Si la machine, lanterne magique, boîte à songes, évoque
aussi par sa similitude la complexité du cerveau, l'image qu'elle
génère pourrait s'apparenter à celles de nos rêves:
L'accumulation d'informations disparates, comparable aux divers stimuli
reçus par notre psychisme, et le travail de transformation, de combinaison,
de déplacement et de compression que subit ce matériel à
l'état latent, sa mise en équation en de nouvelles unités,
selon un mode particulier dont on ne maîtrise pas vraiment les termes,
pourrait suggérer que la machine agit, dans la venue de l'image,
comme une sorte d'inconscient. Ce passage à l'acte de la machine,
moment étonnant et suspect, met en oeuvre la multitude de ses possibilités
pour élaborer, en fonction de données établies, la
meilleure image possible où se contredisent l'énigme manifeste
et la logique clandestine. Produit éphémère d'un mécanisme
compliqué, l'image apparait alors, dans son résultat impalpable
et lumineux, comme l'écume du calcul.
Devant sa machine qui ronronne, l'artiste, privé de son savoir faire
de terrien, dormeur au bord du monde, libéré comme par le
rêve de l'emprise de la nature, attends, projeté en deçà
de lui même par ce mécanisme rigoureux et inaccessible.
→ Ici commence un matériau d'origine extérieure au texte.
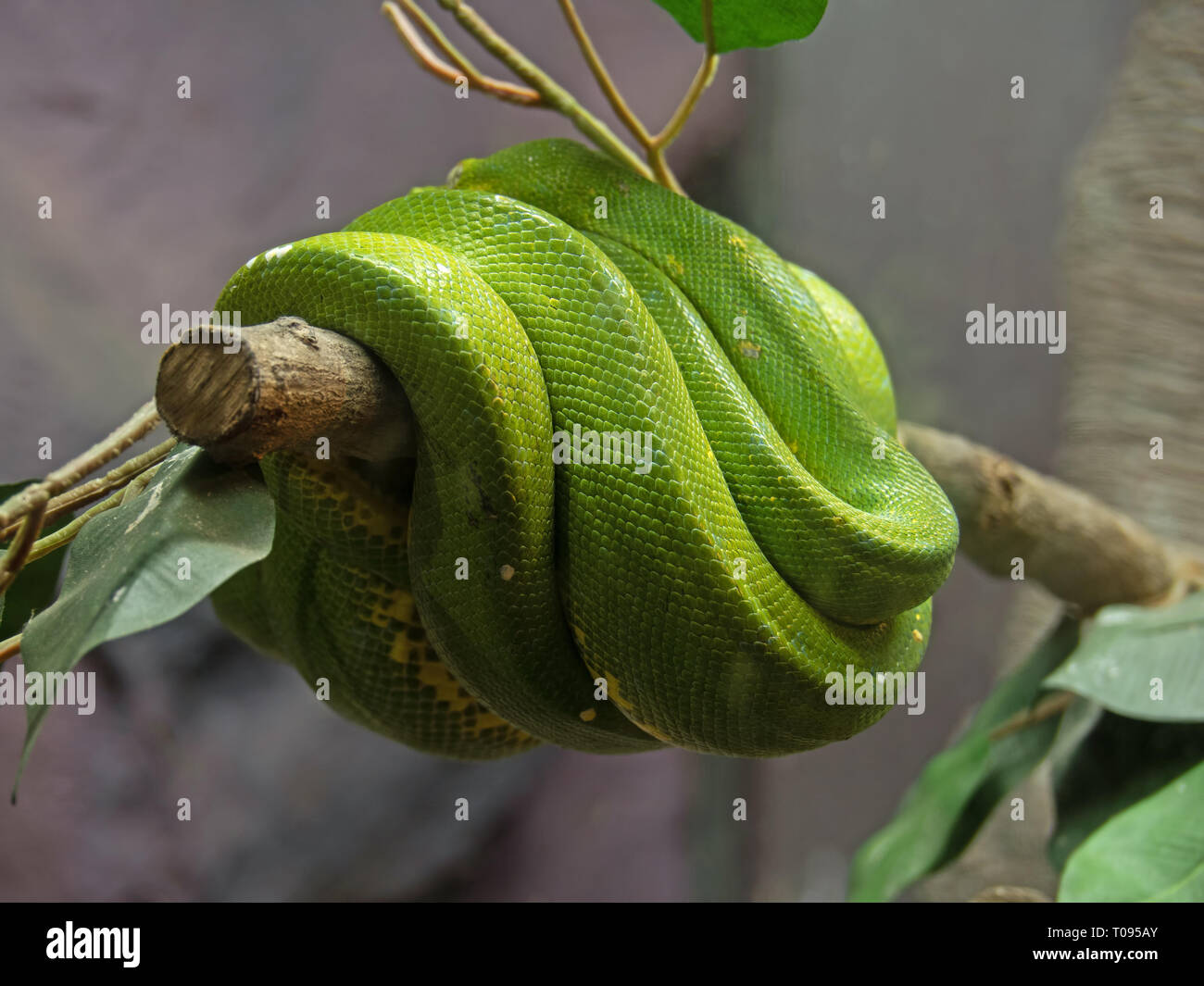 Closeup Green Tree Python Coiled Around a Branch Stock Photo - Alamy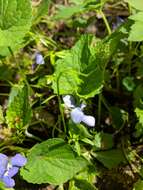 Image of common blue violet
La
machine propose un cheminement nécessaire à sa logique, différant
l'acte créateur. Elle interpose son labyrinthe d'abstractions et
les chicanes de ses calculs entre l'image et son auteur, obligeant celui-ci
à se procurer le fil d'Ariane d'un montage mental précis
et préalable de l'image. Image compromis où le je et le jeu
cohabitent et qui rendra l'artiste spectateur de sa propre création
comme d'un rêve étrange.
Image nuage, elle joue de sa matière illusoire et lumineuse, renonce
à la forme par la fugitive et fluide soumission de ses pixels aux
caprices de la pensée comme à la fantaisie du vent. Image
phénix, elle se renouvelle et se perpétue, loin du temps,
de l'espace. Sans lieu, et sans dimensions réelles, elle défie
l'espace, nous fait perdre pied au bord de notre terre et nous engage vers
des mondes mystérieux en quelque sorte intermédiaires, où
l'artiste devient une caricature de dieu. Ephémère, elle
défie le temps, échappant à ses destructions, et interpelle
l'oeuvre elle- même, condensant les mille et une altérations
possibles de son éternité en une accélération
du temps.
D. de Bardonnèche- Berglund, octobre 92
Résumé d'un texte paru dans: Esthétique des Arts médiatiques
(collectif sous la direction de Louise Poissant- Presse de l'université
du Québec, Montréal 95)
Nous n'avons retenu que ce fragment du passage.